Panel Paper: Increased Migration and State Policy: How Externalities and Institutions Drive Immigrant-Related Legislation

Saturday, November 8, 2014 : 8:50 AM
Isleta (Convention Center)

*Names in bold indicate Presenter

Gary M. Reich, University of Kansas

In recent years, US immigration policy has been driven as much by state politics and government as by national policy. Many states have become active in attempting to influence immigration within their jurisdictions: some have adopted “restrictive” policies—such as Arizona's SB 1070—that are designed to dissuade unauthorized immigrants and their families from residing in their jurisdictions; others adopt more accommodating approaches that seek to integrate immigrants and facilitate their employment.

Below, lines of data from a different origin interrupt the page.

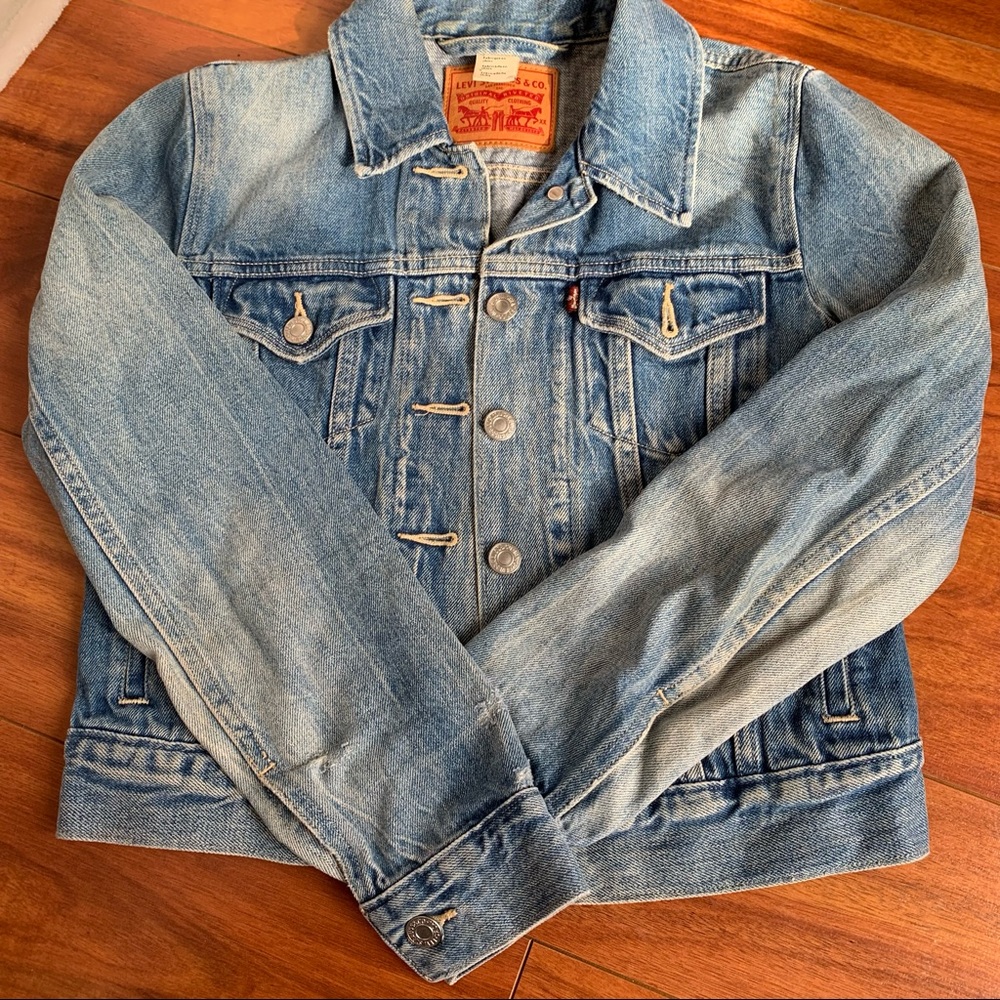Levi’s women’s denim jacket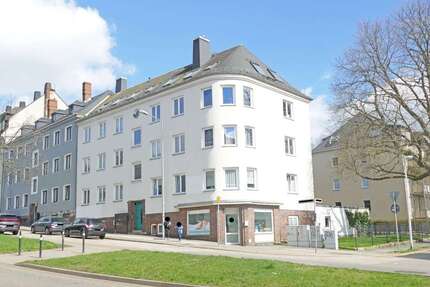 Haus zum Kaufen in Chemnitz 670.000 € 588 m² 30 zimmer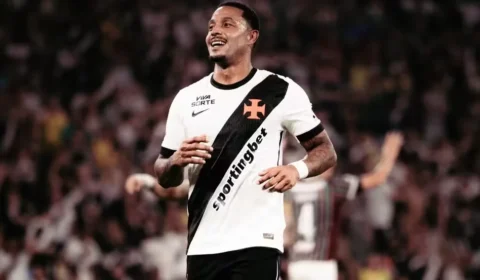 Jogador do Vasco, David é alvo de busca por suposto envolvimento com o tráfico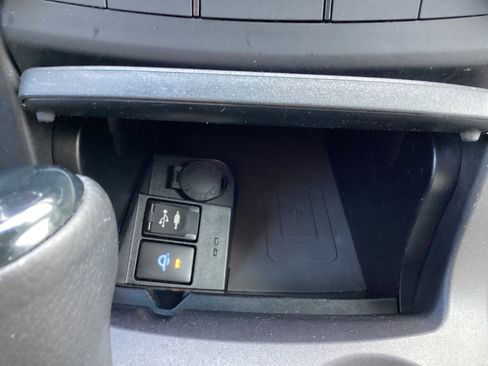 Certified 2016 Toyota Camry XLE image 33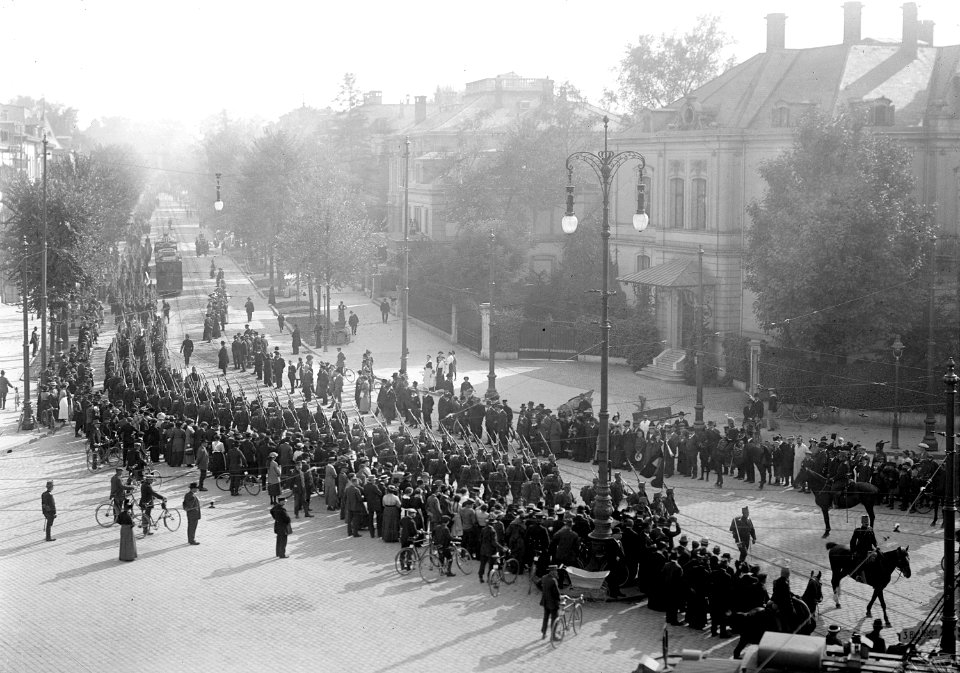 Infanterie marschiert in Stadt Basel ein - CH-BAR - 3237679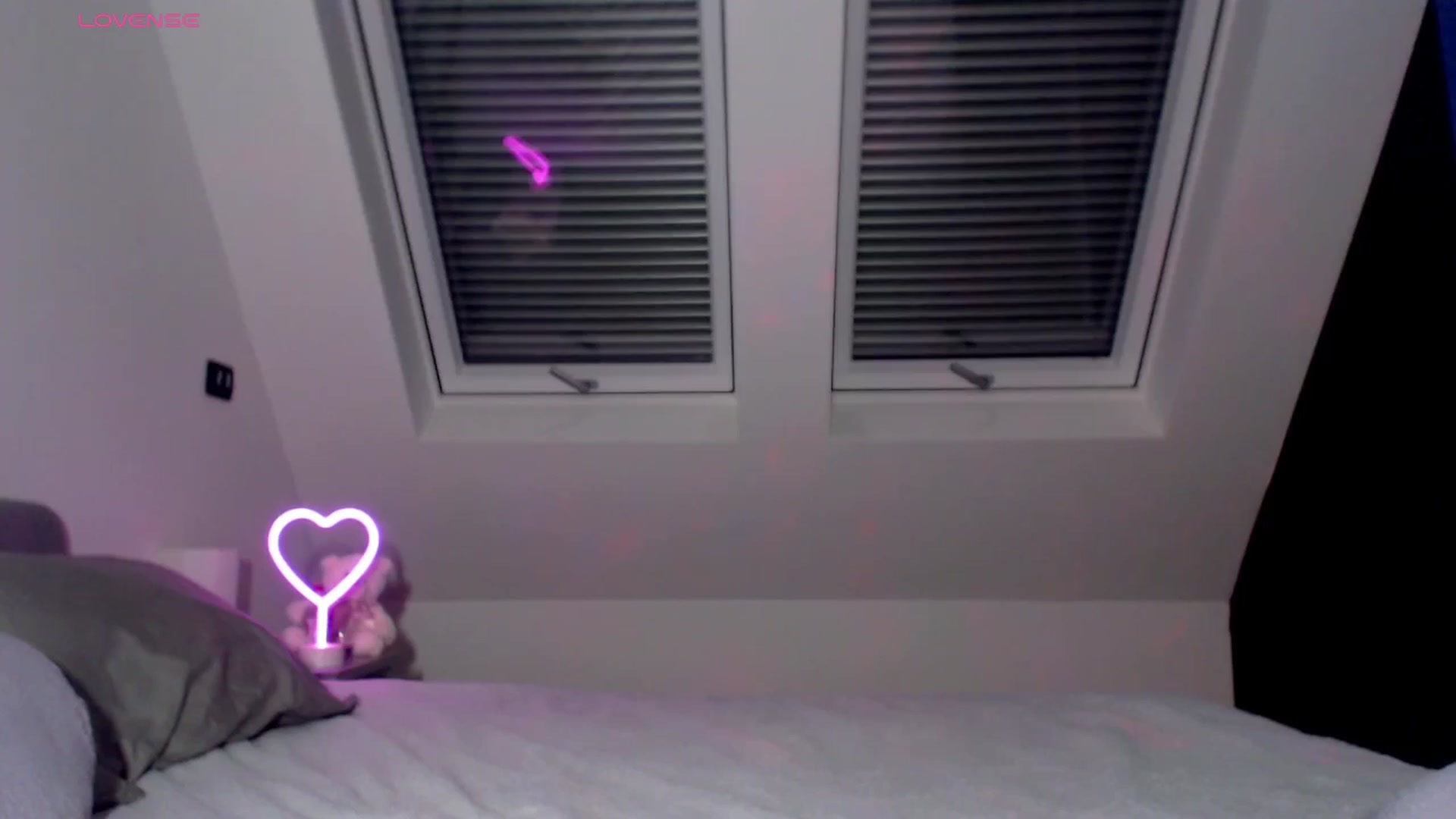 Gallery image thumbnail from Alliciya's myfreecams stream on, 09/23/2025, 21:34 image 8 of 20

What explains these divergent responses? My hypothesis is that state immigration policies are a function of the “newness” of immigrant groups combined with the openness of state legislative institutions. The large-scale arrival of new immigrants generates external costs that are conducive to locally-based, nativist movements; however, restrictive policies are most likely to occur where these movements encounter low institutional barriers to legislative action. By contrast, states with recently assimilated immigrant communities are more likely to seek accommodating policies, even as rates of immigration increase. I use a multilevel statistical analysis of immigration policies enacted in all 50-states between 2005 and 2012 to test this hypothesis. The results show that states with recently assimilated immigrant communities—measured here via naturalization rates and minority legislative representation—were more likely to pass accommodating policies. Meanwhile, restrictive state legislation was more likely to be passed where: (a) local and county governments had previously enacted anti-immigrant legislation or partnered with the federal government in immigration law enforcement (via partnerships with Immigration and Customs Enforcement), and (b) where citizens had more constitutional authority to directly write, or overturn, legislation. Thus, nativism may find a receptive audience among state legislators, but only where legislators are less shielded from popular pressure and where fewer of them represent recently assimilated citizens.